Not Spotify Wrapped
Thanks Spotify, for wrapping up another year in music. It’s evident I spend a LOT of time listening to music, I still can’t get over Blink182 and I need to move to Burlington, USA?
But algorithms and underwhelming animations aside, I was thinking what I, yes me, not my data-me but my brain-me, thought my musical 2023 was really like.
Because after all music is so powerful when it’s connected to feelings. Anything from a late afternoon Hackney summer breeze coming through the window when you come home and stick some relaxing music on, when you’ve got friends around for drinks and a handpicked playlist gets people singing along and having a good time (I swear it was the music, not the booze), to when you’re horizontal on the sofa down & out with watery eyes - it’s the music that become the soundtrack to these scenes in your life.
So excuse me data, but here’s a bunch of artists & tracks that did it for me in 2023:
Artist: Sun Kil Moon
An artist that has been going for ages, released an eclectic range of records under his own name ‘Mark Kozelek’ as well as his other band ‘Sun Kil Moon’, previously as ‘Red House Painters’
I haven’t listened to the ‘Red House Painters’, but Sun Kil Moon heavily crashed into my rotation this year after having discovered the catchy track ‘Ben’s my Friend’ probably in an Artist Radio on Spotify (see algorithm, it’s not all bad news). After that ‘You Missed My Heart’ (Later covered by Phoebe Bridgers) A vivid, disturbing, tale that played out like a movie in my head as I laid in my rather cold bedroom in January.
Delving deeper into his work, I was quickly drawn to the Modest Mouse cover album ‘Tiny Cities’, especially the tracks ‘Trucker Atlas’ and ‘Ocean Breaths Salty’ I remember having on repeat in the first few months of the year, walking along the Greenway to the Olympic Pool, doing mundane tasks around the flat whilst freelance work was dry, and wanting to tell my brother all about them when he visited.
There was a phase where I had Sun Kil Moon’s more diary-entry like works on repeat with tracks like ‘Stockholm’, ‘Candles’ & ‘Carrisa’. The extremely loose and unstructured nature of the songs constantly keeping me engaged and finding new things within the tracks. Another one that stands out is ‘I watched the film the song remains’ whilst spending countless hours on my friends boat in Blackwall Basin, staring at the summer sky through the skylight.

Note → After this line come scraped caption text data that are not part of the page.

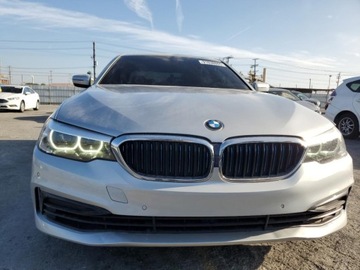 BMW Seria 5 G30-G31 2019 BMW Seria 5 530e 2019 2.0l 2.0 Hybryda 248KM, zdjęcie 5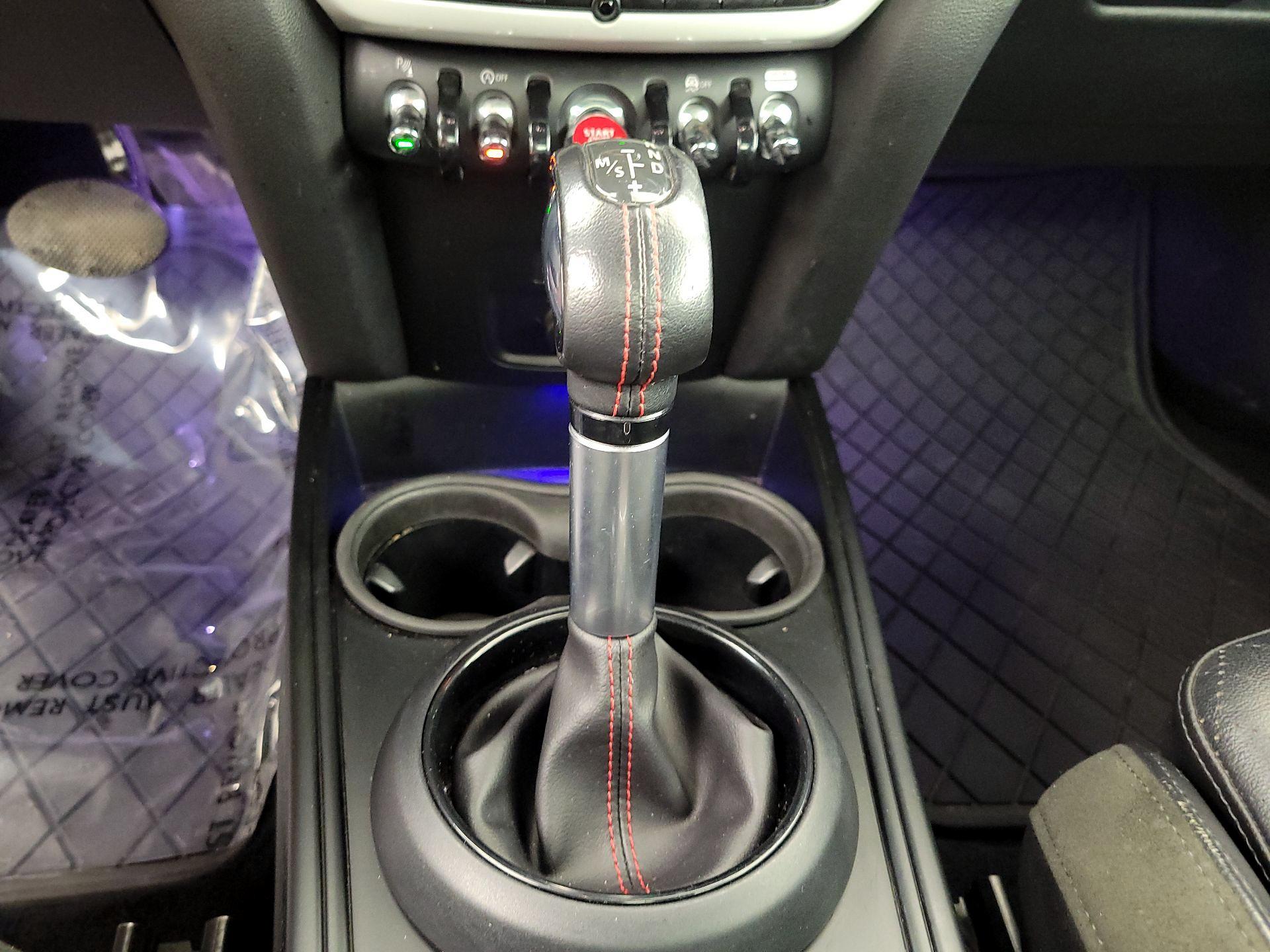 Thumbnail: 2019 MINI Cooper Countryman - 18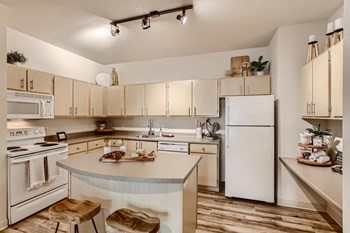 20699 NE Glisan ST 1-2 Beds Apartment for Rent - Photo Gallery 5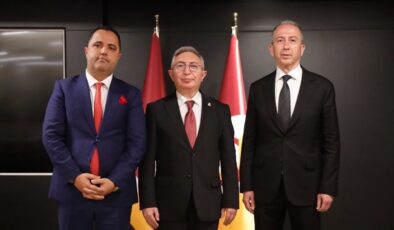 Galatasaray’da başkan adaylarının renk seçimi yapıldı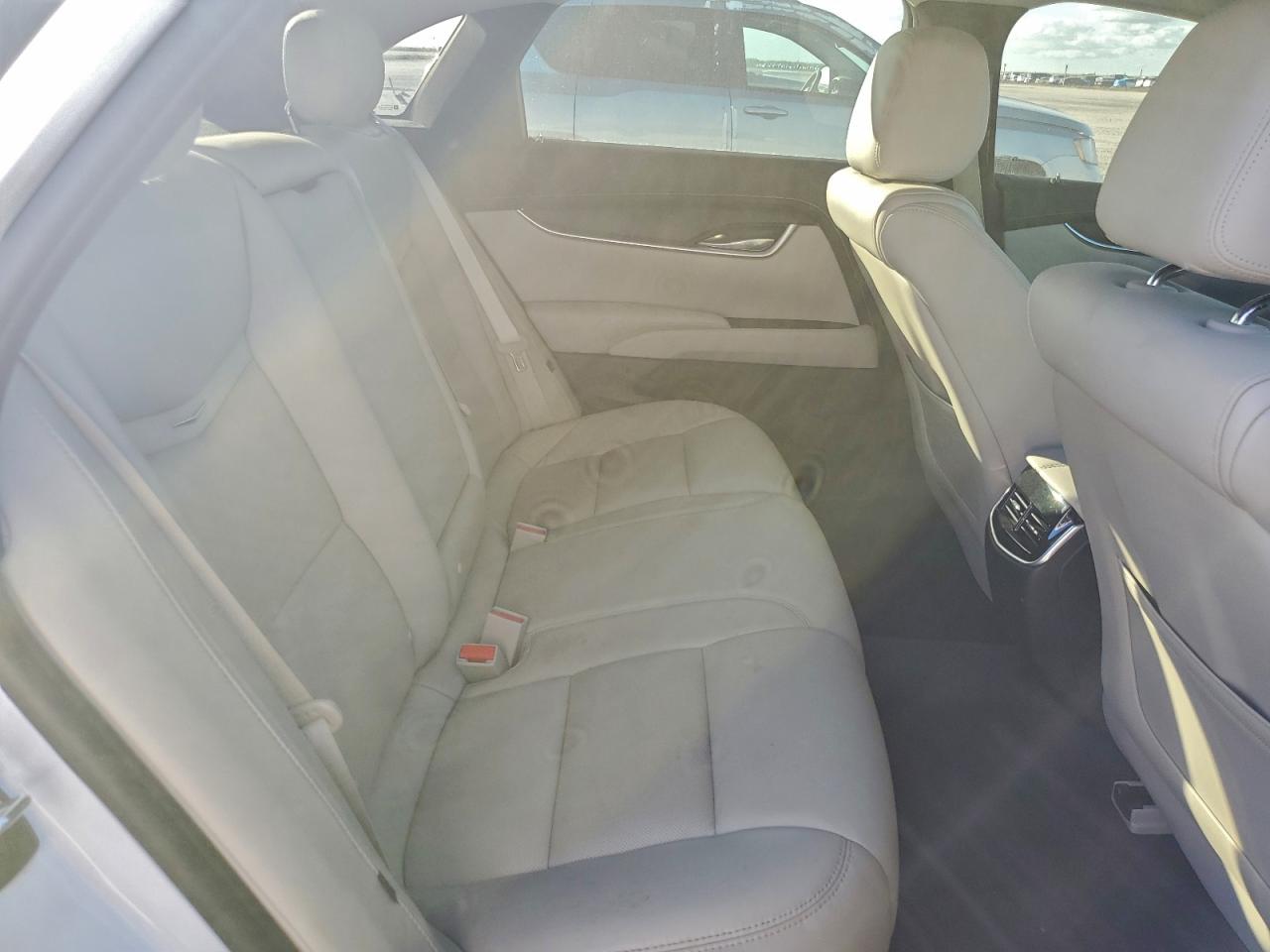 Cadillac XTS Image 11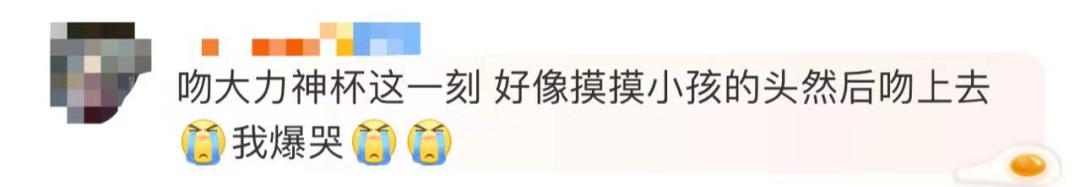 阿根廷冠军梅西拥抱姆巴佩,阿根廷夺冠亲吻场面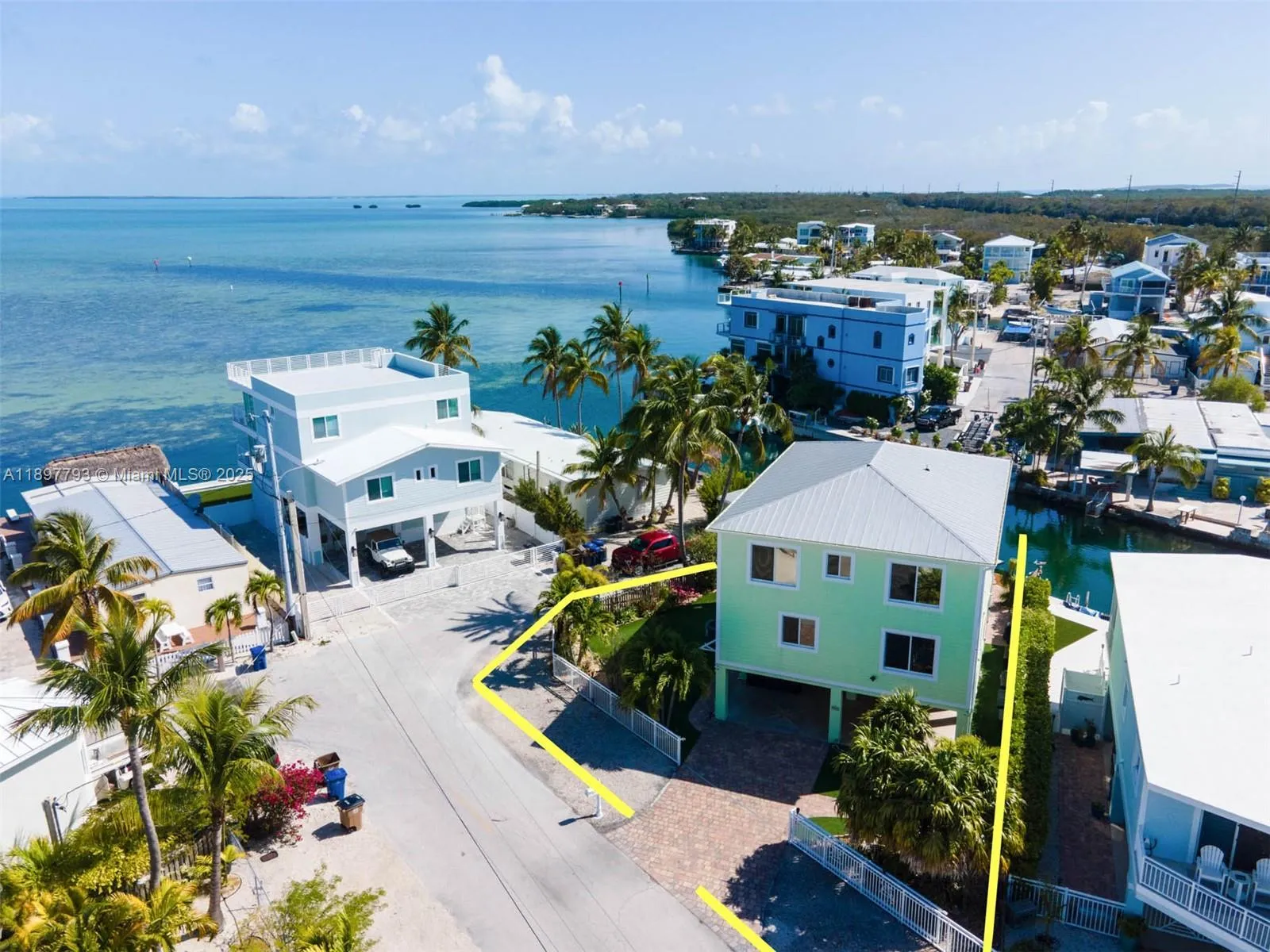 4 bedroom 3 bath for sale at 140 Fairwich Ct, Tavernier FL 33070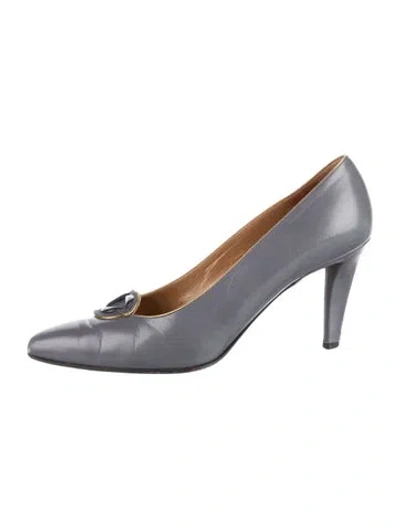 Pre-owned Bally Vintage Leather Pumps In Gray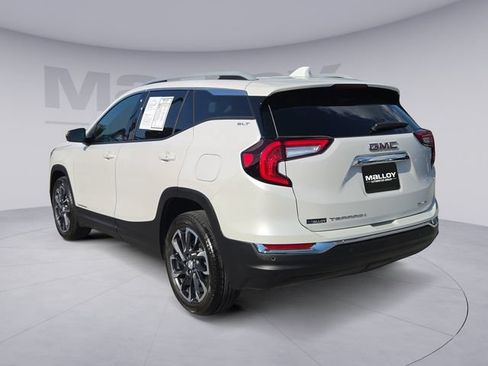 Certified 2022 GMC Terrain SLT w/ Infotainment Package II AWD/4WD image 3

Reading more about Mark Kozelek and his Sun Kil Moon project, inevitably I read the controversial stories about the man himself, his questionable behaviours and actions. It did taint my opinion about his often autobiographical, stream-of-concenience like work a little, but then again I did feel the raw, honest, nature of the lyrics, no trying to be refined or poetic but rather brutally blunt and straightforward was wat cut through and purely artistically speaking was worthwhile.
I can see where he can be perceived boastful or self indulgent, especially when it’s wrapped up in a song like ‘I know it’s pathetic but that was the greatest night of my life’. It’s tricky. Where do you differentiate between the artist’s output and his behaviour outside of the recording studio. Do I stop watching any films affiliated with Weinstein, albums by Michael Jackson, books by Bukowksi and the list goes on. I guess the difference with Mark Kozelek/Sun Kil Moon is that sometimes the line between the work and the man himself are so blurred.
Album: DIIV - Deceiver
After casually enjoying DIIV’s earlier work which felt more like breezy poppy melodic indy soundscapes with some incomprehensible vocals, which brings me back to a solo backpacking adventure along the South Downs Way, wet from a thick mist and drizzle, deep green tall grass, the typical British countryside landscape outstretched in front of me, nervous and excited at the same time, these tunes keeping me bopping along. But that was 2017. In 2023 their latest album ‘Deceiver’ really stood out as a evolution of the band, and for me personally I have some vivid memories of cooking up a storm in my small Hackney Wick apartment whilst strumming my air guitar, my dog watching me pull of this culinary performance with admiration (I’d like to imagine).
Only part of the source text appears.